The Story Behind the Book

Hunter’s Secret is set in the Upper Peninsula almost a year after Hunter’s Choice ends. It links the adventure and dangers of scuba diving with the joy of finding an undiscovered ship. The secrets they discover lead Matt, Tanya and her parents: George and Anita Vega into deadly encounters with two very rich and certifiably malevolent Canadian billionaires.

Finding treasure underwater is a totally wonderful experience. I found a greenish, flat edged coin on a coral shelf of a reef off Ocho Rios, Jamaica. Pirate booty, pieces-of — eight, glory, riches, Mel Fisher move over… but somewhere from its 25 foot deep home among sea urchins and brain coral heads — that coin turned into a fifty cent Jamaican coin dated 1986. I keep the coin around — because if you squint just right it becomes a whole world of adventures.

Finding an undiscovered whole ship is almost an indiscernible thrill. Learning that the laws of salvage take the treasure away as quickly as my green and brown coin went from pieces-of-eight to a worthless memento is a lesson learned by Matt and Tanya.

The business opportunity that the Canadian Brothers are working on is real, but not as far along as the book depicts.
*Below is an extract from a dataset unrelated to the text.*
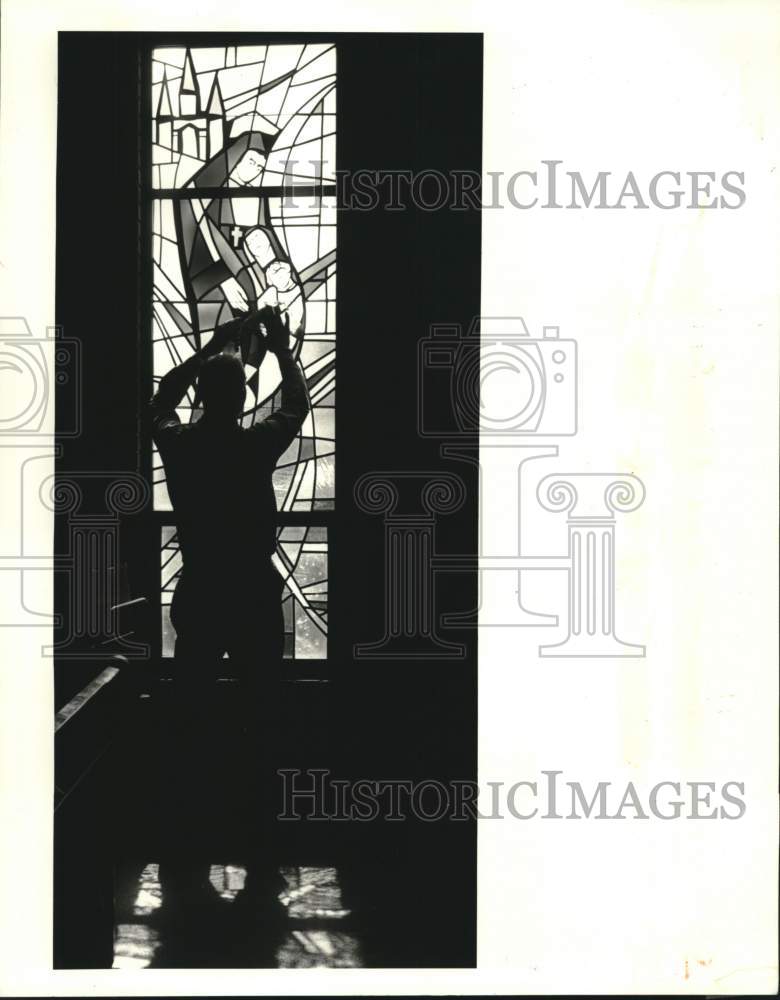 1986 St. Clement of Rome Parish window cleaned by Raymond Sanchez - Historic Images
Nuclear waste disposal is the key to nuclear power development. It is essential our country develope nuclear technology to provide clean and constant energy to our ever energy using population. Father Frank M. Lenz, PhD is my inspiration for the technology and the technique of using subduction zones in the sea. He is working and meeting with many top politicians and scientists to help our country get to right thinking on the subject of nuclear power. Environmentalists tend to drive me crazy — they would have us riding horses, using windmills, worshiping sunsets while people starve, and revert to the lifestyles and life expectancies of the middle ages. For the record, the Toyota brake/throttle failures killed more people than the Chernobyl disaster — look it up — win a bar bet…

J. C. HagerBoth ships (boats) used in the novel are very real. The Ferr Play is the 4 Reel owned by very close friends — Archie and Warren — living in Paw Paw, Michigan. The 82 foot vessel is just a neat ship — vicariously adopted so I could own it in my mind for a short time. I spent a fair amount of time finding where the Coast Guard hid the tanks that held 1800 gallons of diesel fuel. I wrote and talked to several men that served on the ships — they would say, “Beats the hell out of me where the tanks are — I know where they put the fuel in — the tanks are down there somewhere…” I needed their location to plant the fire bombs. The official USCG schematics solved the mystery of the hidden tanks — they were walls — bulkheads separating the mess area from the engine room: thick walls, with an archway — plus a small third tank under the engine room.

Matt’s survival skills came from my many years of building fires. At age 6 — Buzz Sherman and I took my brother’s Boy Scout Manual — went to a forest edge near our rural home and learned to build different kind of fires from the diagrams — including the “cabin fire” used in the book. Later, my dad spanked me over his knee, outside on the back porch so the local fire fighters that were still putting out the multiacre field fire could see I was being instructed to be more careful in the future.

Starting a fire with a high powered rifle is difficult. I got two fires in nine tries — in the temperatures used in the book. I would suggest carrying a BIC or two.

The diving techniques and equipment were a result of a year’s study. I didn’t get too specific on some times and mixture percentages because of conflicting information.

My words were checked by master divers. I’d do a lot more reading and get serious-pay for it — instruction before I’d strap on 4 tanks and go down 150 feet into the ice age water of Lake Superior. The waters of the Caribbean are much friendlier — but you die by violations of the General Gas Laws: they don’t care where you dive.